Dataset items
_ _ _ _
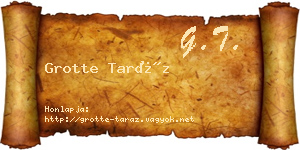 Grotte Taráz névjegykártya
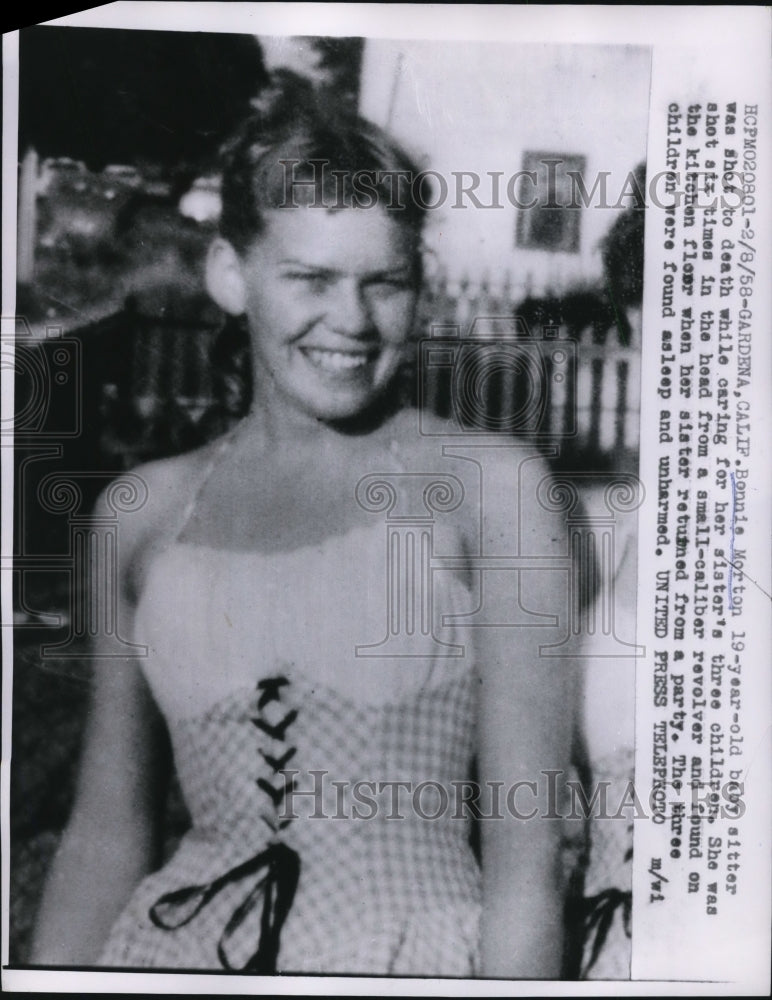 1958 Press Photo Bonnie Morton shot to death while caring her sister three kids.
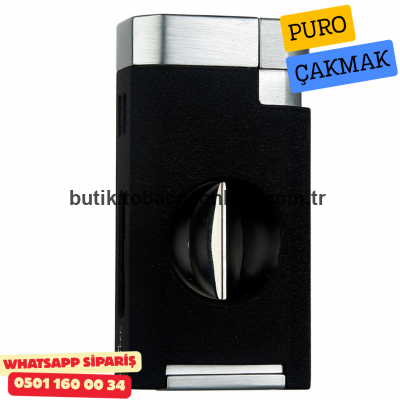 Quantoro Triple Torch Gümüş Siyah Puro Çakmağı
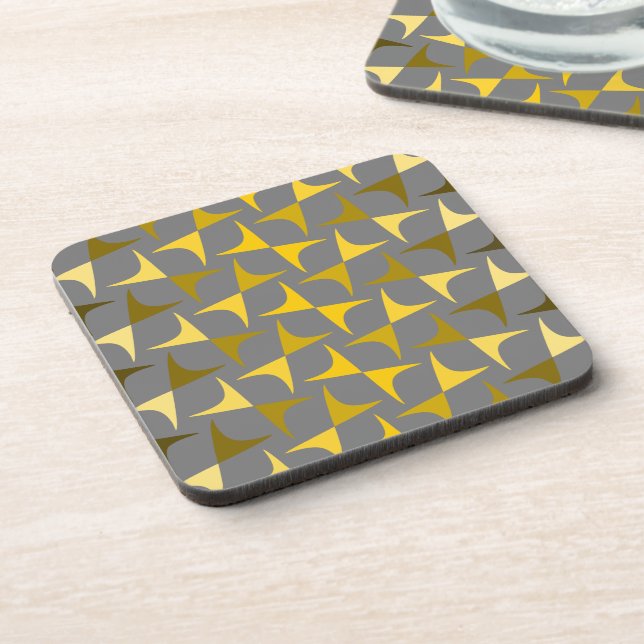 Dessous-de-verre motif Abstrait jaune et gris (Côté gauche)
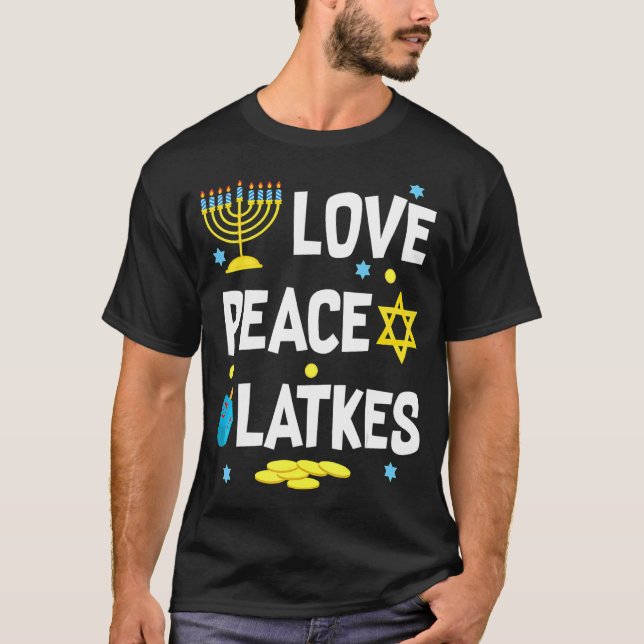 T-shirt Love Peace Latkes Hanoukka Chanukah juif (Devant)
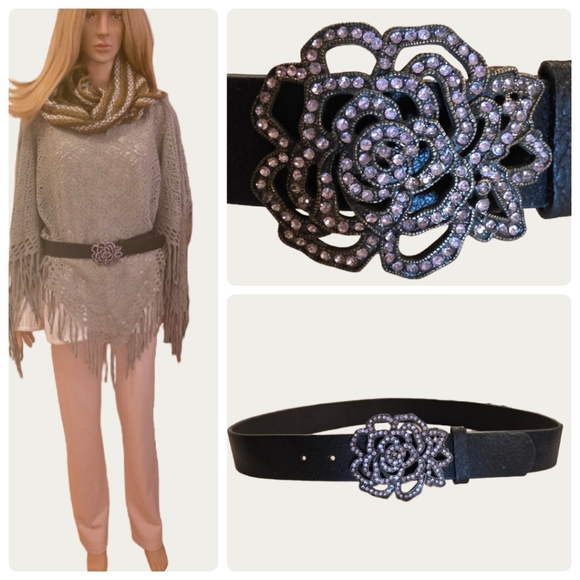 Unbranded Accessories - Vintage Glitz Pink Rhinestone Black Leather Belt Sz 35"-39" EUC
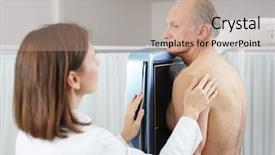  Presentation with radiologist - PPT theme featuring lung radiation - young radiologist helping her senior background and a coral colored foreground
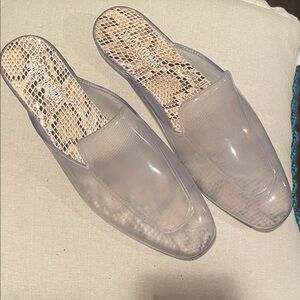 Cape Robbin Clear Mules with Snake Print Insole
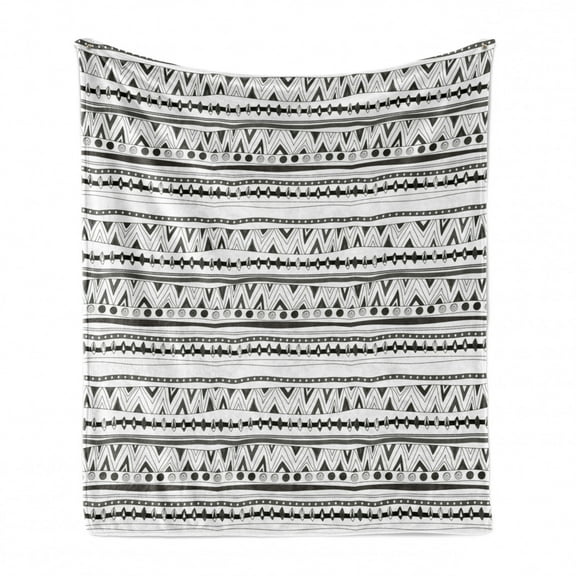 Tribal Soft Flannel Fleece Throw Blanket, Prehistoric Aztec with Circles Triangles Tribal Folk Pattern, Cozy Plush for Indoor and Outdoor Use, 50" x 70", Charcoal Grey White, by Ambesonne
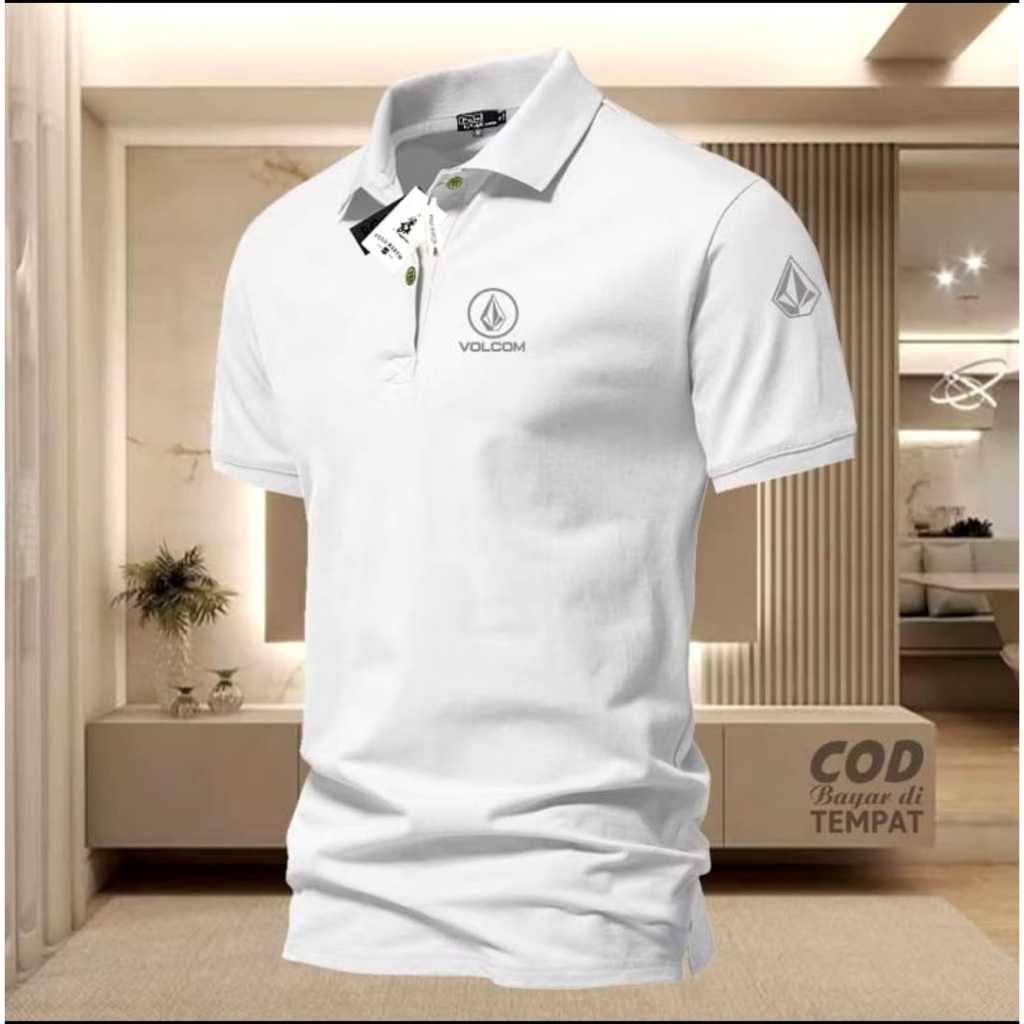 T-Shirt polo Krah VOLCOM // kaos Krah polo unisex // kaos krah sablon pendek lengan //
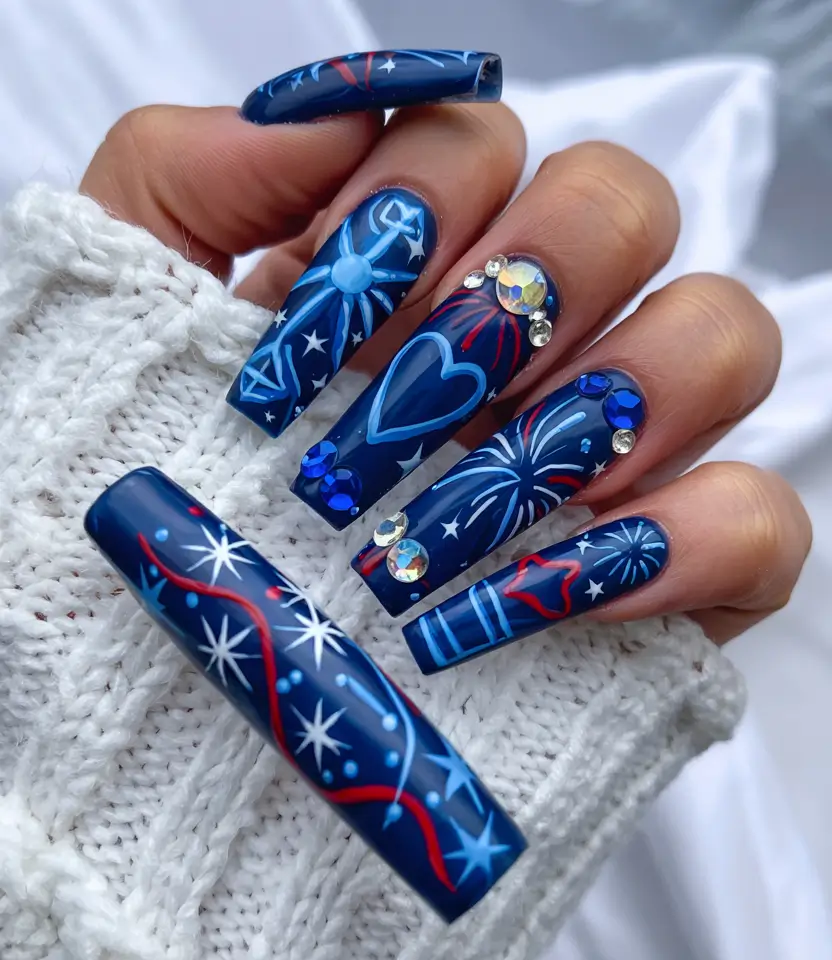 Festive 4th of July Nails to Try in 2025 Sapphire Skies & Sparkler Gems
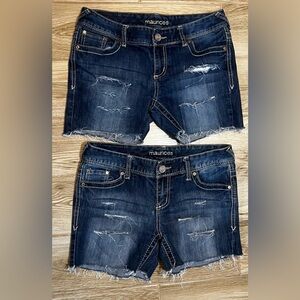 Women’s Maurice’s Denim Cut Off Shorts Medium Wash Size 5/6 Distressed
_ _ _ _
Your assignment —
Your task is to give again, unchanged, the lines from the line that contains "T-Shirt polo Krah" to the end of the records. Include both end lines but no pictures.

Answer for this exercise —
 T-Shirt polo Krah VOLCOM // kaos Krah polo unisex // kaos krah sablon pendek lengan //
 Festive 4th of July Nails to Try in 2025 Sapphire Skies & Sparkler Gems
 Women’s Maurice’s Denim Cut Off Shorts Medium Wash Size 5/6 Distressed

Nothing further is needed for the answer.